2

I have a large csv file that I'd like to read with arrow::read_csv_arrow(). However, the file contains quoted strings. readr::read_delim() is able to read the file (given correct settings), while arrow::read_csv_arrow() is not:

library(arrow)
library(readr)

# create offending file
x <- tempfile()
write_lines(
'
id,text
1,Some interesting text
2,"Some text on: \"how to break arrow\" by X, and Y"
', x)

read_delim(x, delim = ",", escape_double = FALSE, escape_backslash = TRUE)
#> Rows: 2 Columns: 2
#> ── Column specification ────────────────────────────────────────────────────────
#> Delimiter: ","
#> chr (1): text
#> dbl (1): id
#> 
#> ℹ Use `spec()` to retrieve the full column specification for this data.
#> ℹ Specify the column types or set `show_col_types = FALSE` to quiet this message.
#> # A tibble: 2 × 2
#>      id text                                              
#>   <dbl> <chr>                                             
#> 1     1 "Some interesting text"                           
#> 2     2 "Some text on: \"how to break arrow\" by X, and Y"

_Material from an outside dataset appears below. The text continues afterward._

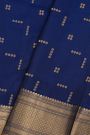 Kancheepuram Silk Navy Blue Saree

read_csv_arrow(x, escape_double = FALSE, escape_backslash = TRUE)
#> Error:
#> ! Invalid: CSV parse error: Row #3: Expected 2 columns, got 3: 2,"Some text on: "how to break arrow" by X, and Y"

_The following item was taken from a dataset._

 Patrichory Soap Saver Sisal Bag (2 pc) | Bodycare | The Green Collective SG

Created on 2022-10-13 with reprex v2.0.2

I have tried various settings on the parser, to no avail, such as:

read_csv_arrow(x, parse_options = CsvParseOptions$create(double_quote = FALSE, escaping = TRUE))
Thomas K
  • 3,242
  • 15
  • 29
  • I can reproduce (arrow 9.0.0.1 and 10.0.0.0) – mdag02 Nov 01 '22 at 21:51
  • The quotes aren't escaped in the file when written this way; I'm surprised {readr} works – alistaire Nov 01 '22 at 23:22
  • I think it would be helpful to others if you posted the exact CSV you need to parse. Your snippet that writes to a temporary file produces a malformed CSV. – amoeba Nov 02 '22 at 00:49
  • 1
    @amoeba the file was written with sparklyr::spark_write_csv, see my comment on https://issues.apache.org/jira/browse/ARROW-18219. Don't have access to the file atm, but the structure displayed above is exactly as in the file (except for the newlines before and after the three data lines). – Thomas K Nov 03 '22 at 13:46

0 Answers0